乳幼児の子育て

子育ての最終責任問題について

シングルマザー(ファザー)なら、子どもを育てる責任者は当然母親(父親)。
1人で子育てを担うのは、なかなかに大変ですが、責任の所在がはっきりしているという点では、スッキリサッパリしています。

カップルは、ふたりいるからややこしい。

父親と母親の二人で子育てしている場合、なぜか、どうしても、なんとなく、とくにその件について言語化しないまま、おたがい、母親が子育ての最終責任者的な認識でいるような気がするんですよねー。

mami
mami
同性カップルの場合はどうなんだろう?

この子育ての最終責任問題って、多くの母親が、とくに働く母親がモヤッとしているにも関わらず、今まで言語化されてきていないように思うのです。

というわけで、今回はこの問題を取り上げます。

オトナなパパとお子ちゃまパパ

このサイト内お子ちゃまパパ問題解決法の中で、世の中には、オトナなパパお子ちゃまパパがいるとブンセキしました。

簡単に言うと、オトナなパパとは、ママのしんどさを理解し労り、子育てを共に担う父親。
お子ちゃまパパは、子育てをママに任せて、自分のしたいことを優先してしまう父親です。

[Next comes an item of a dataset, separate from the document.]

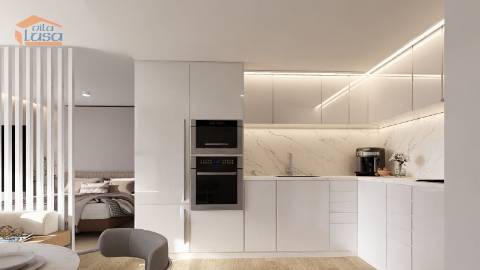 Armação de Pera T0 Novo com varanda e garagem 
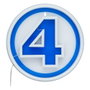 Fantastic Four Lampe murale LED Logo Neon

イクメンだからオトナなパパというわけではないんですよ。

ママと助け合う育児をするのがオトナなパパ。自分がやってみたいから育児しているなら、お子ちゃまパパの要素があるかもしれません。

お子ちゃまパパ問題については、上記の記事でなんとか知恵を絞りました。一方、右のイラストのようなオトナなパパは、なーんも問題ないじゃない。といわれがち。

でも、どんなに素晴らしいオトナなパパであっても、いや、子育てに協力的なオトナなパパだからこそ、子育ての最終責任問題が、なかなかに悩ましいのですよ……。

子育ての最終責任問題って?もっと詳しく

そもそも、前述したように、子育ての最終責任問題なんて言葉はありません。
このことを語るために、私が創りました。

わかりやすく言うと、
子どもが泣きやまないとき、最後の最後まで諦めず抱き続けるのは、なんとなく母親。
共働きで、子どものお迎えにどちらもいけないとき、最終的に折れて迎えに行くのは、母親。
そういう感じ。

mami
mami
わかってますー。もちろん、どんなことでも例外はあるし、マイノリティはいますから、「それには当てはまらない場合もある」とかツっこまないで、ざっくり聞いててねー

こんなふうに具体的に「これ!」と言えないまでも、なんとなく、「結局、子育てに参加しているとか、一緒に育てているとか言ってっけど、最終的には私が子どもの最終責任者だと思っているなアイツは」と母親が感じるとき、そこに子育ての最終責任問題は、存在します。

father1
father1
俺出来ないから、お前やっとけよ

というようなお子ちゃまパパなら、もうあからさまに最終どころか、子育てを全部母親に任せてしまっているので、腹立たしいけどわかりやすい。
ところが、

father2
father2
大丈夫? 手伝おうか。 お迎えも行けるよ。

という優しいパパでも、あくまで子育ては母親のもので、自分は手伝っているだけ、と心の底で思っていたりするのです。
もっといえば、

father3
father3
子育て二人で頑張っていこうね!

というイクメン中のイクメンであっても、不思議なことに、本人も気づかない深層心理に子育ての最終責任は母親と刷りこまれていることが、ほんの些細な言動で露見したりします。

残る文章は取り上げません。